SUPPLIED DATA >>

= Beginning of Section =

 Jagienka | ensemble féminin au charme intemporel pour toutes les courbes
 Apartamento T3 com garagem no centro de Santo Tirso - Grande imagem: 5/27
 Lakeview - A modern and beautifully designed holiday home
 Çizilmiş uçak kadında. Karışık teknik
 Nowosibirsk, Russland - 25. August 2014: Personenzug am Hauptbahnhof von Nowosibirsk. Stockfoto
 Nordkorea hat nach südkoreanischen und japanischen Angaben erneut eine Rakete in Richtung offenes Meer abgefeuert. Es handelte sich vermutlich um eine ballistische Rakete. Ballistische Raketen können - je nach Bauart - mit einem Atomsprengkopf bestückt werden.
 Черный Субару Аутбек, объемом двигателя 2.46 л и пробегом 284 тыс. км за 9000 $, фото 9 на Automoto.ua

= End of Section =
= Beginning of Section =

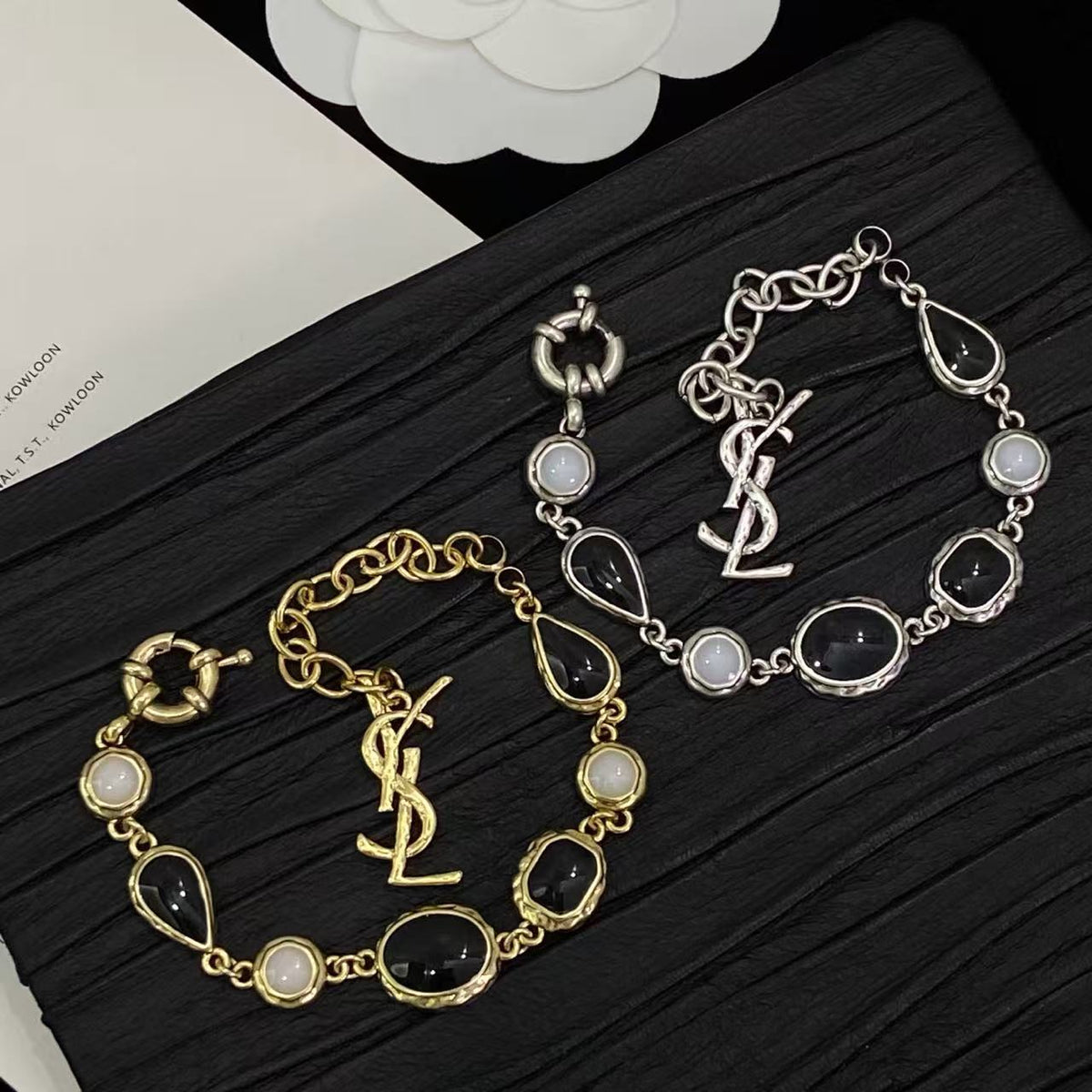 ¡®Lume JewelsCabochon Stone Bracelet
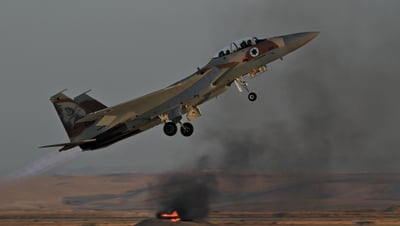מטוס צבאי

= End of Section =

TASK PROMPT >> Give back precisely the lines above that start at the line containing "Apartamento T3 com" and end at the line containing "Nowosibirsk, Russland - 25.", inclusive. No other lines belong in the output.

ANSWER SPACE >>
 Apartamento T3 com garagem no centro de Santo Tirso - Grande imagem: 5/27
 Lakeview - A modern and beautifully designed holiday home
 Çizilmiş uçak kadında. Karışık teknik
 Nowosibirsk, Russland - 25. August 2014: Personenzug am Hauptbahnhof von Nowosibirsk. Stockfoto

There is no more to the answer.